After the peace in 1783, Barlow married Elizabeth Garrett of Worting, Hampshire. The couple had a close relationship and numerous children. Between 1786 and 1789, Barlow commanded the revenue cutter HMS Barracouta, transferring to the larger brig HMS Childers on the same service in November 1790.
French Revolutionary Wars
On 2 January 1793, Barlow took Childers into Brest to reconnoitre the port due to the growing hostility between Britain and the First French Republic. Tensions had been mounting for months since the French Revolution and the opening of the French Revolutionary Wars the previous year between France, Prussia, Austria and Sardinia but Britain and France were not yet at war when Barlow entered Brest. Within minutes of his arrival, one of the formidable forts overlooking the harbour mouth opened fire on his diminutive craft with 48 lb shot. One of the first balls fired struck a gun on Childers deck and split the cannon in two. Barlow beat a hasty retreat without suffering any casualties and reported the attack to his superiors. One month later Britain and France were at war; in his excursion to Brest, Barlow had received the first shots of a 23-year conflict.
Two weeks after war was declared, Barlow secured an early victory with seizure of the privateer Patriote off Gravelines. This was the first naval engagement of the wars and his success secured Barlow a promotion to post captain in the frigate HMS Pegasus. Pegasus was attached to the Channel Fleet under Lord Howe and acted as a repeating ship for the admiral's signals. Barlow was still in this position at the battle of the Glorious First of June, when he relayed Howe's orders to the rest of the fleet. Despite a mixed reaction from many of Howe's captains the battle was a success and Barlow was upgraded to the frigate HMS Aquilon as a reward for his service.

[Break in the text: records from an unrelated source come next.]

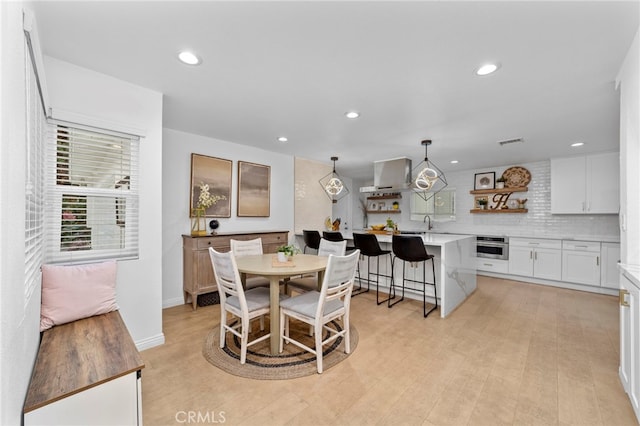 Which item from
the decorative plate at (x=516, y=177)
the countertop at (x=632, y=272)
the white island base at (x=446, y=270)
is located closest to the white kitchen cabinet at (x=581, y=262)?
the decorative plate at (x=516, y=177)

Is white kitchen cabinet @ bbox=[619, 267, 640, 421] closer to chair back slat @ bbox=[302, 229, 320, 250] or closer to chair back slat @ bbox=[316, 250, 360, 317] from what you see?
chair back slat @ bbox=[316, 250, 360, 317]

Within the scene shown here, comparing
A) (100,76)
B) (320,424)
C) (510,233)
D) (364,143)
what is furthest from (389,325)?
(510,233)

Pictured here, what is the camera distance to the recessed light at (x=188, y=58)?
1.93 meters

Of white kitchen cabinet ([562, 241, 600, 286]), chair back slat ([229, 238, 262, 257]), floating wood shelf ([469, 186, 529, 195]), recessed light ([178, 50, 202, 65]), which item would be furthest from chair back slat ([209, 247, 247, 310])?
floating wood shelf ([469, 186, 529, 195])

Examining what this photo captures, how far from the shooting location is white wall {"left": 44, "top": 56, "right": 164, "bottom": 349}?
2232 millimetres

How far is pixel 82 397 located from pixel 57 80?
87.1 inches

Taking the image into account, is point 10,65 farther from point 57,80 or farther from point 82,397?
point 57,80

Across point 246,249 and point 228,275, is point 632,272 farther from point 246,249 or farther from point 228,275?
point 246,249

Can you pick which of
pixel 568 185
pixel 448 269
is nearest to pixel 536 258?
pixel 568 185

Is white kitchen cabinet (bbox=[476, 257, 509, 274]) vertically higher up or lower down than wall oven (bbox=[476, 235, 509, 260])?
lower down

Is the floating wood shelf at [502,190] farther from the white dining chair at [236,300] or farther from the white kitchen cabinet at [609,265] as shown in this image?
the white dining chair at [236,300]

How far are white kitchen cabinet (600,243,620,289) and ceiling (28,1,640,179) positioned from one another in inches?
81.5

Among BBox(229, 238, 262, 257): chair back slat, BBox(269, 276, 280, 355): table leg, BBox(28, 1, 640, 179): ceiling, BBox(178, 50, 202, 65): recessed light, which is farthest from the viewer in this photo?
BBox(229, 238, 262, 257): chair back slat

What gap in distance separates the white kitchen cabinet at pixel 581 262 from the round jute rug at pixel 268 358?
14.4 feet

In 1795, Barlow moved to the new frigate HMS Phoebe and in her captured the French frigate Néréide in December 1797. Four years later in the Straits of Gibraltar, Barlow repeated the feat by capturing the French frigate Africaine, which was transporting French soldiers to Egypt and had over 400 aboard, at the Action of 19 February 1801. In a close contest, Phoebe forced her opponent to surrender and caused over 300 casualties to Africaine for just 13 of her own. For this second victory, Barlow was knighted and given command of the ship of the line HMS Triumph in the Mediterranean until 1804.
The Napoleonic wars were a less active period for Barlow, who served as Lord Keith's flag captain for a time and then as deputy controller of the navy before moving as superintendent of Chatham Dockyard in 1808. During this period he showed great skill as an administrator and improved services where ever he was stationed.
Barlow continued on shore service until 1823, when he was retired as a rear-admiral. He had been made a Knight Commander of the Order of the Bath three years before. He was elected a Fellow of the Royal Society in January, 1819.
Barlow enjoyed a lengthy retirement in Canterbury and in 1840 was restored to naval service in order to receive a belated promotion to full admiral and advancement to Knight Grand Cross. He died at the archbishop's palace in Canterbury in May 1843. His wife had predeceased him by 26 years, but two of his daughters had married well, wedding George Byng, 6th Viscount Torrington and William Nelson, 1st Earl Nelson.